Friday, July 30, 2010

Stung Massa bent on beating Alonso



Felipe Massa said on Thursday that he has no intention of letting Fernando Alonso go past him again if the two are fighting for the win at the Hungarian Grand Prix this weekend.
“I will win,” Massa said when asked about a possible repeat of last week’s scenario at the German GP in Hockenheim.
Ferrari was fined $ 100,000 after Hockenheim when stewards determined that the Italian team had sent Massa radio messages instructing him to let Alonso take the lead from him on the 49th lap of the race. Massa seemed to comply and finished second while Alonso went on to win the race.
Massa, who suffered a season-ending crash here in 2009, said he would quit racing if he was considered a team’s No. 2 driver.
“The time they say I am the No. 2 driver I will not race anymore, so I am not (No. 2),” Massa said ahead of Sunday’s 25th edition of the Hungarian GP at the Hungaroring track.
Massa said he had learned from the Hockenheim experience.
“I’m very strong and I’m looking for the victory,” Massa said. Two-time world champion Alonso, who has two wins this year, brushed off questions from reporters about the controversy, insisting that he was focused on the upcoming race.
“Hungary is our main target right now,” Alonso said. “(We are) completely concentrated on this race.”
While Alonso insisted that Ferrari’s interests were the priority, he avoided saying whether he would let Massa pass him if that was preferable from a team standpoint.
“Every race is different, with different circumstances and possibilities, and we will decide what is best,” Alonso said. “We are privileged to drive for Ferrari and we know what we have to do.”
Alonso picked up 25 points for winning at Hockenheim, while Massa collected 18 for second place. The extra points for the Spanish driver could prove critical in what is shaping up to be a tight drivers’ championship.
McLaren’s Lewis Hamilton leads the standings on 157 points, with teammate Jenson Button second on 143 points. The two Red Bull drivers, Mark Webber and Sebastian Vettel, each have 136 and Alonso is fifth with 123.

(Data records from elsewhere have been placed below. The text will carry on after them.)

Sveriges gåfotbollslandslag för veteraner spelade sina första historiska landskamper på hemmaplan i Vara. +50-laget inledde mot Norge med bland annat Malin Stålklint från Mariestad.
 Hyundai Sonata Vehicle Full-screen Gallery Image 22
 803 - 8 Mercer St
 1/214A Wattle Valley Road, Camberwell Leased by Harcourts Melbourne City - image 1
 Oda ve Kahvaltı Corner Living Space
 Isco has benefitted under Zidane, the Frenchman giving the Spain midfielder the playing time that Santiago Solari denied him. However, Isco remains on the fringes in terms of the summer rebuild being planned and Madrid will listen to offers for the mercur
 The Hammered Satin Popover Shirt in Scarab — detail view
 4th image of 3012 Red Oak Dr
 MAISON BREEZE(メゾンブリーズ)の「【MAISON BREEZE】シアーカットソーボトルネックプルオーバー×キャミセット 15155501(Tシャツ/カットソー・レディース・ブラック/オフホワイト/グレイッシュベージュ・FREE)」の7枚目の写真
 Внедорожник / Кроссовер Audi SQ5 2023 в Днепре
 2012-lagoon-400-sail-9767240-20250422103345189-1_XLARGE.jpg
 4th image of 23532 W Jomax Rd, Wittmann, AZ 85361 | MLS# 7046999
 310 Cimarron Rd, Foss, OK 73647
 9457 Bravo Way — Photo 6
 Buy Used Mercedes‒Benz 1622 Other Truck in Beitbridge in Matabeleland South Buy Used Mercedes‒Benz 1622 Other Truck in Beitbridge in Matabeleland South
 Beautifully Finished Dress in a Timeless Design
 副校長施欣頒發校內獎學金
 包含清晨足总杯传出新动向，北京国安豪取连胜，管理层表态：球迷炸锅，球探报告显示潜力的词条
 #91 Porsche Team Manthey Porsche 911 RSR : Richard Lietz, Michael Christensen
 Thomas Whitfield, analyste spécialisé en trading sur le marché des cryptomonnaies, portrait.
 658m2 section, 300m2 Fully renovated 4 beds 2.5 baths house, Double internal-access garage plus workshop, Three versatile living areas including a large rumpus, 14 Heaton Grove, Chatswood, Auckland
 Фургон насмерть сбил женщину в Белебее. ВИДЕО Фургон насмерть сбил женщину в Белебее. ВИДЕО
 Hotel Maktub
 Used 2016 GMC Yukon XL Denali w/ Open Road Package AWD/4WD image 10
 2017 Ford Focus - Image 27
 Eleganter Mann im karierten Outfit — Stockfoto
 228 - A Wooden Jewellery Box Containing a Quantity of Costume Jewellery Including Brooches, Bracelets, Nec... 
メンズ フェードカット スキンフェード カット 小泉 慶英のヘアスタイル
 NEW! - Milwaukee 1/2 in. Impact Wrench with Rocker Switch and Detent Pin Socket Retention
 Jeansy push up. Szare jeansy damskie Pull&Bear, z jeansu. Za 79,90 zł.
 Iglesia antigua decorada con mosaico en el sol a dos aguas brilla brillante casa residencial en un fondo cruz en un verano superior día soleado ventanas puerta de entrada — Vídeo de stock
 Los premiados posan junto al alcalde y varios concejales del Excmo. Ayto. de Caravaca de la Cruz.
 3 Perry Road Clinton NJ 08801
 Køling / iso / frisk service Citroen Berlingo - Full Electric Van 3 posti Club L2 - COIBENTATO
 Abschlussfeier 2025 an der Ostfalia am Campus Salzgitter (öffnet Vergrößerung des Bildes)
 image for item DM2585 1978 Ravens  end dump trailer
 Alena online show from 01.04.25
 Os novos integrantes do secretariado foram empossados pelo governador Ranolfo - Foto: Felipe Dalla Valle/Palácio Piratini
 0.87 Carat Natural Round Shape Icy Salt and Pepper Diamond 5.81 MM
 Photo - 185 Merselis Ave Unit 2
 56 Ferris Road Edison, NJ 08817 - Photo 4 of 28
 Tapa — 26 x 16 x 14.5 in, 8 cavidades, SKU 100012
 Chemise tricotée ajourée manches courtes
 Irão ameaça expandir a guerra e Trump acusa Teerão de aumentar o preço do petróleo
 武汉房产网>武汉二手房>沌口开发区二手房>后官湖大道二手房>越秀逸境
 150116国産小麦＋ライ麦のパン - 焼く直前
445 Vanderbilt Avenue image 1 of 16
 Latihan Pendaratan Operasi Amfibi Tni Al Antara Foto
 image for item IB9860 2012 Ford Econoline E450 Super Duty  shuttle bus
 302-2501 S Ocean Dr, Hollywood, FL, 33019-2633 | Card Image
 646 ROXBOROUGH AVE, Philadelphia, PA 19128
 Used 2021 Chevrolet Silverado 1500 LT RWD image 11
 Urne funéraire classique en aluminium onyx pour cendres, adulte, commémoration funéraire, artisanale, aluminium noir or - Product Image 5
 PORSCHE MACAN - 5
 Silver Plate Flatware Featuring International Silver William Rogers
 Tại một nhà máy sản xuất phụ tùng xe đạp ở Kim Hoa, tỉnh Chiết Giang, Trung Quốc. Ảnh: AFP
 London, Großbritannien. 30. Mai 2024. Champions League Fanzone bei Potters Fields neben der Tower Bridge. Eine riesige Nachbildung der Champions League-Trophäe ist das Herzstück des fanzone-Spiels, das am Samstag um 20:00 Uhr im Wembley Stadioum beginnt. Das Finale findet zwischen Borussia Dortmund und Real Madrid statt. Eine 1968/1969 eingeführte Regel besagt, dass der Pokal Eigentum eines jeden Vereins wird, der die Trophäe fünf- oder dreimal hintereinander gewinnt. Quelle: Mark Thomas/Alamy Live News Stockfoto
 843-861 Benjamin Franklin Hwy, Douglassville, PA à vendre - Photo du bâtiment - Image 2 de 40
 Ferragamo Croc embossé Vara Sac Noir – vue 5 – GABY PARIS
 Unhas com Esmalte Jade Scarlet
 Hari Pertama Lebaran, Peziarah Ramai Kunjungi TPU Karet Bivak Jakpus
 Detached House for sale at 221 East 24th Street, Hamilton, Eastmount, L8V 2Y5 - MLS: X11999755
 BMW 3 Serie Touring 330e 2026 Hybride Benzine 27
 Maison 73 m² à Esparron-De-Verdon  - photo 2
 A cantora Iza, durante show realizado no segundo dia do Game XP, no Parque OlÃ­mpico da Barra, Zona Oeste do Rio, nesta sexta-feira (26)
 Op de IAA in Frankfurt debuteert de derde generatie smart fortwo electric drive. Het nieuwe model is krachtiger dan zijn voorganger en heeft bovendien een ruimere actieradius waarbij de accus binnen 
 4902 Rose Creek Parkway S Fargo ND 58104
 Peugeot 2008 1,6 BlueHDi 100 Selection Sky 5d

Alonso dismissed criticism that he would be a “dirty” champion because of the manner of his victory in Germany.
“I don’t think anything has changed. I’m still the same and I will fight always ... for the team and the sport,” Alonso said.
“Naturally, I have not been affected at all. If we lost even one percent of our concentration because of what’s been said, we’d be finished.”
Williams driver Rubens Barrichello was more supportive of his fellow Brazilian Massa.
“I was very sorry to see what he had to go through. It was such a bad thing ... and I wished he didn’t go through that,” Barrichello said, ahead of his 299th race in Formula One.
In 2002, Barrichello was involved in a similar situation when he was forced by Ferrari to let teammate Michael Schumacher pass him for the win on the final straight at the Austrian GP. Barrichello was also ordered to concede second place to Schumacher at the same track the year before.
Schumacher won the 2002 championship with twice as many points as second—place Barrichello but since 2003 teams have been banned from giving drivers orders which determine race results.
“You should be allowed to race,” Barrichello said, although he added that teams still had ways of letting their drivers know if they were expected to back off or let a teammate pass them.
“If you don’t win the championship by one point, so be it,” Barrichello added. “If you win the championship because somebody let you win, what’s the point? “If I have to be a bad guy to be world champion, I don’t care for that.”
Massa said he met on Thursday with members of the rescue team who lifted him out of the cockpit after his crash last year but that the accident would not affect his performance on Sunday.
“I don’t remember a single thing from the accident,” Massa said. “When you close the visor ... you just think about doing your best.”
Barrichello, whose car lost the spring which hit Massa on the helmet and caused the crash, said Massa had moved on from the accident, and had even used it to his advantage while the two of them were playing poker earlier this year in Brazil.
“He put the helmet in which he had the accident on the table and it completely destroyed my night,” Barrichello said. “I started losing money and he just had fun with it. I think he’s going to drive flat-out.”
Massa was hospitalized for nine days in Hungary after suffering multiple skull fractures. He was placed in an induced coma and later had plastic surgery in Brazil.